To inoculate yourself and your students against violence and foster the will to fight, sooner or later you will need to use hard sparring and pressure testing of skills. This is not a new idea; everyone knows it and everyone agrees. So why do we see so little hard sparring, force on force exercises and live drills practiced? Perhaps it’s because we’re worried that we will scare off potential clientele. Maybe we’re concerned about injuries or hurt feelings. Nobody wants to have their illusions shattered or their egos crushed, and in sparring that is a pronounced risk. In an increasingly litigious society, maybe we’re worried about liability. But if we give in to these fears we do no service to ourselves and our students.
“Whether or not you have the will to engage is not a lesson to learn at the hands of your enemies.”
If you’ve never thrown your punches at someone punching back, never felt the pressure of someone else’s full strength against your own, never changed out your magazine or fired your gun while being pressured, screamed at and forced to think, how do you know if you really can?
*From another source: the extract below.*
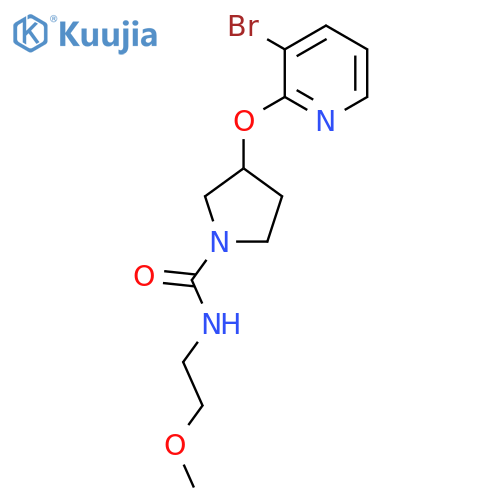 3-((3-bromopyridin-2-yl)oxy)-N-(2-methoxyethyl)pyrrolidine-1-carboxamide structure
This applies to all combative pursuits, whether in the military or the civilian sector. It doesn’t matter if you’re training to kick down doors in a far off land or to respond to someone kicking in yours here at home. Whether or not you have the will to engage is not a lesson to learn at the hands of your enemies. They should not have the honor of being the first to test you. Be tested now among your colleagues, so that when the time comes you will have seen that terrain before.